I survived my first week back to work, barely. It didn’t go terribly, like wheels falling off, crazy lady screaming at people, terrible…. More like I kinda wanna throw a fit like AJ does when he asks for Spaghetti, we give him Spaghetti, and then he loses his mind because we didn’t give him Chicken. It’s kinda like that. I get to go back to work, and I know its a good thing going back to work, for many previously mentioned reasons, but then I actually have to work. Do you see? I asked for Spaghetti, I got Spaghetti…. but I just want to lose my mind for a second, because no one’s giving me Chicken!
It makes all the sense in the world to me. It’s pretty much my modus operandi. God says, do something, and I either a) Do the exact opposite for awhile until my world starts falling apart, make an about face, and realize (again) He’s always smarter, or b)Do it, all the while throwing a temper-tantrum, lamenting how unfair it is. Both incredibly mature ways of handling life, obviously. Hopefully someday, preferably in the near future, I will mature into an actual adult capable of setting a legitimate good example for my children. I mean SOMEONE in this house (besides Kevin, who is apparently good at everything, and disciplined, and all that adult jazz) really needs to figure out how to listen and obey without throwing a fit.
I thought a fun way to celebrate the end of my first work week, would be a trip to the water park with the big boys. Key word…. thought. We’d decided to go, because the boys had earned free admission through the summer reading program they completed at the library. It wasn’t until I had my bathing suit on, bag packed, and Selah in the car that Caleb let me know he’d lost his coupon. Normally this wouldn’t be a big deal…. except in the one week since we’d earned the coupon book, its been lost about 34 times, and this is also after I’ve told my kids a gazillion times to PUT THINGS BACK WHERE THEY BELONG, and TAKE CARE OF YOUR THINGS! I see red when we can’t find things… which is all the time… we can NEVER find things. After wasting 30 minutes looking for it, I told him I was either leaving without him, or he could pay his own way into the water park with the remaining money from a lemonade stand they held a few weeks pack. He grabbed his wallet and we headed out.

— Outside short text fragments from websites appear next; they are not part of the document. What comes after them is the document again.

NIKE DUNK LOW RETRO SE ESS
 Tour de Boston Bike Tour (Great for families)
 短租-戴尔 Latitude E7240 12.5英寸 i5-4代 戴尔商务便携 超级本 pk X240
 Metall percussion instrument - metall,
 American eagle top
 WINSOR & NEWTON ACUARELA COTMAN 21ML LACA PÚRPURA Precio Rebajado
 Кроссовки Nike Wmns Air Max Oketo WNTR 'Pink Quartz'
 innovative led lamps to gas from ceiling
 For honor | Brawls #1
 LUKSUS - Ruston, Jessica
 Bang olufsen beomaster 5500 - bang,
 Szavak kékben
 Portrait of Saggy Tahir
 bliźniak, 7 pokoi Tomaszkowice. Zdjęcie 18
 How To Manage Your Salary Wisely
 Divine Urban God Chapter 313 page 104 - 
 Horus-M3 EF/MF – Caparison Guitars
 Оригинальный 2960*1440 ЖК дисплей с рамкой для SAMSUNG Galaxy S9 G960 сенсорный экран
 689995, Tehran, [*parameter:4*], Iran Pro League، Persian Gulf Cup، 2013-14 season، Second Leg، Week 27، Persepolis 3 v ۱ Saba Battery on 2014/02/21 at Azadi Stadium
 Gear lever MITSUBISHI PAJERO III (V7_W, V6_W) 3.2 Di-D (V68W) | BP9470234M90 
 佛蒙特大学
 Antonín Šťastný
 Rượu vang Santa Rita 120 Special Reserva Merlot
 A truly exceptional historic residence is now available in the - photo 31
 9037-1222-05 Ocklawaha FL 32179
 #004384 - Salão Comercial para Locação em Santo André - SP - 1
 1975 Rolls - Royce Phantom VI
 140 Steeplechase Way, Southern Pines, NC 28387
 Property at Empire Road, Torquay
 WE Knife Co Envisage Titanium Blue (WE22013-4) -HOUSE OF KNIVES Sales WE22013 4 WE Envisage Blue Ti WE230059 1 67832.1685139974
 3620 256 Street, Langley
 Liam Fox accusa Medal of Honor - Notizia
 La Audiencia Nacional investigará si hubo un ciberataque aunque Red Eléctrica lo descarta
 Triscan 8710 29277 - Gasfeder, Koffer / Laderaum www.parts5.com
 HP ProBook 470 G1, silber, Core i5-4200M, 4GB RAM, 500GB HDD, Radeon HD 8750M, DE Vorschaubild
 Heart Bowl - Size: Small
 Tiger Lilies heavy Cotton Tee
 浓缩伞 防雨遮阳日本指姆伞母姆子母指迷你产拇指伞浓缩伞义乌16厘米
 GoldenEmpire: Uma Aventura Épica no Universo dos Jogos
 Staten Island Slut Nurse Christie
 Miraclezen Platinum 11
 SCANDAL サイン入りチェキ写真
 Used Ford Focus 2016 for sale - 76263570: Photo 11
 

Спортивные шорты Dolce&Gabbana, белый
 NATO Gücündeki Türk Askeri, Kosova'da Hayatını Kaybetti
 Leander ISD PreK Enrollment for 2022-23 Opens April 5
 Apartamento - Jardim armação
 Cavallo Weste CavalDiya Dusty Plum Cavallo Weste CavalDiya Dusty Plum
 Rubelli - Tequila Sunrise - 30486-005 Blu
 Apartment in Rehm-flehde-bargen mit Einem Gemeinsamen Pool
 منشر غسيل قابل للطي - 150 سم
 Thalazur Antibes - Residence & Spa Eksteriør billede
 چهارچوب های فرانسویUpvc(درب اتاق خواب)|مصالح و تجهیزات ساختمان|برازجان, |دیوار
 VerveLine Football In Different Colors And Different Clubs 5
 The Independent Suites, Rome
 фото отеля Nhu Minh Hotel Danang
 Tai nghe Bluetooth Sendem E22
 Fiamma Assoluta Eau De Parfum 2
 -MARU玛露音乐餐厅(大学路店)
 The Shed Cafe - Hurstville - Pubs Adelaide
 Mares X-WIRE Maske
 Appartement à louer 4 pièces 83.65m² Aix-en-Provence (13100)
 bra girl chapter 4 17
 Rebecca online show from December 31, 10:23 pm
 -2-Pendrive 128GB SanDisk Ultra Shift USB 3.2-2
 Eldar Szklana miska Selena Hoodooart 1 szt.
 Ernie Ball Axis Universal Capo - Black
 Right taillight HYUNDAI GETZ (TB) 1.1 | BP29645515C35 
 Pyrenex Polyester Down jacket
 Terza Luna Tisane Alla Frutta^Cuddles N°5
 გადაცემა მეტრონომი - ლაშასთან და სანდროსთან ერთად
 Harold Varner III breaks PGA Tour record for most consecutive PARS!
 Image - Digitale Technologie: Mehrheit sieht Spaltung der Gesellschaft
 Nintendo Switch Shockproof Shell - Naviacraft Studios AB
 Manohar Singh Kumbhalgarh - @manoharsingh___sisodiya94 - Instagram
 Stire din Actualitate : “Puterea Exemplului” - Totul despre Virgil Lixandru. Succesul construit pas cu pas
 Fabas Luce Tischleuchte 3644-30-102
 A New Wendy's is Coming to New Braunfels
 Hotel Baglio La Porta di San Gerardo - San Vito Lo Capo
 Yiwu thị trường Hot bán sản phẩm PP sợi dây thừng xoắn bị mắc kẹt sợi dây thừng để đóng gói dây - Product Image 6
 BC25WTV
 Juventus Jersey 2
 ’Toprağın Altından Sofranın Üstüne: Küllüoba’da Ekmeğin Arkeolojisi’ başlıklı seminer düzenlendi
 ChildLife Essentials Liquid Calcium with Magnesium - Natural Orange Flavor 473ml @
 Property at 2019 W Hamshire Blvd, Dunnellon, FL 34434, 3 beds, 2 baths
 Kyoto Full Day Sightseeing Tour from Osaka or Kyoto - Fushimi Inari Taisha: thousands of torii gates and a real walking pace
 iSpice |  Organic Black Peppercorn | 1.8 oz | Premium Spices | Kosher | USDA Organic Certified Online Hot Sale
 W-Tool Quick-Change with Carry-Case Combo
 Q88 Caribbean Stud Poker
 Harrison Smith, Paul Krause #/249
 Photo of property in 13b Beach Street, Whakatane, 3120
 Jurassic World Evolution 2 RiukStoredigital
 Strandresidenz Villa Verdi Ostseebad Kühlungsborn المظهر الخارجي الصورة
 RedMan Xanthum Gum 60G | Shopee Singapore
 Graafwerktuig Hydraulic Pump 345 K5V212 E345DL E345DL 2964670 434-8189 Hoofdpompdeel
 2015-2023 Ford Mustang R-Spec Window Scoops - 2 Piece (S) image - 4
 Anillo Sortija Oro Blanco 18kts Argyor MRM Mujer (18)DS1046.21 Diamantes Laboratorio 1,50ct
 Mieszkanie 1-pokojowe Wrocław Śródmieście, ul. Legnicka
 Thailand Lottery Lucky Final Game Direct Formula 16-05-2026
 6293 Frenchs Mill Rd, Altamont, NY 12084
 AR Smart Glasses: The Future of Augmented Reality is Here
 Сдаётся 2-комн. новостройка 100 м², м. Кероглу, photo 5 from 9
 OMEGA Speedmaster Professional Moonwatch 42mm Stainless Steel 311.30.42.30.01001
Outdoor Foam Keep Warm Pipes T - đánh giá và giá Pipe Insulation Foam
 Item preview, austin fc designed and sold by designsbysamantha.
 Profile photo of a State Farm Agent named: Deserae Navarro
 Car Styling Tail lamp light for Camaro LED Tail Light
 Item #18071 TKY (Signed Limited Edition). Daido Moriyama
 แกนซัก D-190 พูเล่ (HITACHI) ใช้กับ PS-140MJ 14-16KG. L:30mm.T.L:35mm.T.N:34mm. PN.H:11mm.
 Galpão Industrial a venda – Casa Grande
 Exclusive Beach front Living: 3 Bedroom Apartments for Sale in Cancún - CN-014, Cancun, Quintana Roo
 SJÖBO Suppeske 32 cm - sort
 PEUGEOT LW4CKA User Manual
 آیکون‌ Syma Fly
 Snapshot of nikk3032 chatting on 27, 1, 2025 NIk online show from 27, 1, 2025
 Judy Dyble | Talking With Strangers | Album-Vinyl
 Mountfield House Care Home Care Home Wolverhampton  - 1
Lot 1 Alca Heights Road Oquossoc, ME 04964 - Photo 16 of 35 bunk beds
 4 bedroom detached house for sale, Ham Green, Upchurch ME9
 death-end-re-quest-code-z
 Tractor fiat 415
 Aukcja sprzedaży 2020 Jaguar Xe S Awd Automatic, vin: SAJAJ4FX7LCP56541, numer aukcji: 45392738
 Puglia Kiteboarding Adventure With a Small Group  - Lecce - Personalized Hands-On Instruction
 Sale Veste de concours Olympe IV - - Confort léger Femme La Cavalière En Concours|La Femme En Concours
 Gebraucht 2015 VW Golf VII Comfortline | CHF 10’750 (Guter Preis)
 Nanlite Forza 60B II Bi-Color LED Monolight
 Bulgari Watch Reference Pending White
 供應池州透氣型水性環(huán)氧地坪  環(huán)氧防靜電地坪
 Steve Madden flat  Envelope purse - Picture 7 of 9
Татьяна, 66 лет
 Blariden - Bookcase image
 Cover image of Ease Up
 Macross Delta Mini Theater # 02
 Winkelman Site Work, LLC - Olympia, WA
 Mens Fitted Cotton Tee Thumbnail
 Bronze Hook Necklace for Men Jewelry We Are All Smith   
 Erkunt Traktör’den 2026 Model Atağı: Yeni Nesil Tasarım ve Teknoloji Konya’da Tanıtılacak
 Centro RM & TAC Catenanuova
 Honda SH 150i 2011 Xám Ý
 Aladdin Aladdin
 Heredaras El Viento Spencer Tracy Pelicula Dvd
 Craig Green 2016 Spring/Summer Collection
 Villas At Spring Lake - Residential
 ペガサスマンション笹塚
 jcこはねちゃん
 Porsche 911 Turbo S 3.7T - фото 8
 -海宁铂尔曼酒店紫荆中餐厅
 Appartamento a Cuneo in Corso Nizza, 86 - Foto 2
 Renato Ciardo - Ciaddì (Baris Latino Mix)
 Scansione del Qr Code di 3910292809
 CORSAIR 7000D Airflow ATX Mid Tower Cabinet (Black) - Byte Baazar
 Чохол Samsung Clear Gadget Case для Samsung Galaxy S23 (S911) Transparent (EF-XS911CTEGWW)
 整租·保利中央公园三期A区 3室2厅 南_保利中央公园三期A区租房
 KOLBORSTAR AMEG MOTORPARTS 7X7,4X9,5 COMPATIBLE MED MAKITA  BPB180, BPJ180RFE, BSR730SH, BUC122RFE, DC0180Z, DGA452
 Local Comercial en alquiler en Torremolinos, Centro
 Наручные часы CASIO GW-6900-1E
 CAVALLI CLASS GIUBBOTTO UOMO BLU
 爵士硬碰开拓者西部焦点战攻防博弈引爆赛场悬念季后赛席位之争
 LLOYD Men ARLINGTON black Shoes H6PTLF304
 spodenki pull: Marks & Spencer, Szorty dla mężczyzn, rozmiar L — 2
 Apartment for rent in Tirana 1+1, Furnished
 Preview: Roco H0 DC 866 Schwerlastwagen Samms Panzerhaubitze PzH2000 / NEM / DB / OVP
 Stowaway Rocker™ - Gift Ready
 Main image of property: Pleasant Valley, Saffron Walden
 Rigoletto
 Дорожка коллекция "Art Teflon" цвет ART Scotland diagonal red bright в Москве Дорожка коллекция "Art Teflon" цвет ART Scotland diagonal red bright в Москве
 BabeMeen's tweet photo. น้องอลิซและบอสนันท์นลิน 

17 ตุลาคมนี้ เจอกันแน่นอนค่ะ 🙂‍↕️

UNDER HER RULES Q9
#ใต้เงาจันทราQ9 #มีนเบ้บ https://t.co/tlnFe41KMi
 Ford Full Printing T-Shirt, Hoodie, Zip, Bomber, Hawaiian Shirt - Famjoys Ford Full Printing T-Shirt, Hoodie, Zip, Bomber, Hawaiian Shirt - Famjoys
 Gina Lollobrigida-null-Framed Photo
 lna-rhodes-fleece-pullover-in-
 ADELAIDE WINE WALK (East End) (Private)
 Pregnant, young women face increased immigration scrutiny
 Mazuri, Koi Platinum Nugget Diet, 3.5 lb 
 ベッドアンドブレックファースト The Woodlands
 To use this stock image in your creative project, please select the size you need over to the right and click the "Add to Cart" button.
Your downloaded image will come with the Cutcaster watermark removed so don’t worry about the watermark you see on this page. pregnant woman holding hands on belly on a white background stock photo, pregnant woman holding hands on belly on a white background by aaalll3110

I was thankful he was there because Logan had REALLY wanted him to come, and it made me feel better knowing they were together in lines while I waited at the bottom for them with Selah. However, I couldn’t help but wonder exactly what my $15 dollar admission had gone toward, as ‘rode’ the bench alongside each ride. Then they found the wave pool. Hell on earth for any parent. How my mother ever calmly visited with my aunt on the lounge chairs while my cousins and I played in that death trap as children is beyond me.
4 life guards, monitoring over 200 people, many with enormous tubes taking up even more surface area on the water, while wave after wave crash towards you. The joyous shrieks of childhood drowning (pun intended) out any possible chance of communicating, as your child heads further and further out. There is not enough Xanax in the world for the anxiety that creates.
Can you find my children???? Yeah… Neither could I 80% of the time. Every minute or two I’d see a smiling head pop up in between a wave, letting me catch my breath, before they’d disappear again in the mass. For awhile Selah and I went in to try and be closer, but a 3 month old in that mess, even in my arms didn’t make me feel much better. Of course this would be their favorite attraction. I eventually had to bribe them out with an ice cream cone, just so I could let my heart rate normalize.
Thankfully they survived.
Fake waves are so much more fun to take pictures of…. for mom’s.
Because work and water parks and kids and massive anxiety attacks weren’t enough fun for one day…. I also had to get ready for a masquerade party for my girlfriends 40th birthday party that evening. This is what I looked like before my fairy god mother waved her magic wand and fixed me:
The original plan was for me to be ready when the sitter got there at 6:30. When you do all the crazy things in one day… this is what you look like at 6:30 instead, and you send a text to your friend that says ‘I’m coming to your house to get ready, mine is a zoo!’ Then you thank God for artistic friends that can wave their magic wand and have Cinderella ready for the ball in just a few minutes time!
It was a CRAZY week, that ended with a particularly CRAZY day…. But when it ends at a party with adult friends and all the ankle biters are nestled quietly in their beds, and NOT hanging off me or asking me a zillion questions, that’s a good way for the day to end 🙂
Hoping with the start of my second week, that my brain starts to speed up and remembers how to juggle all the moving parts just a little better!
LOVED THIS. 🙂 I cracked up at the wave pool part. So funny. So true.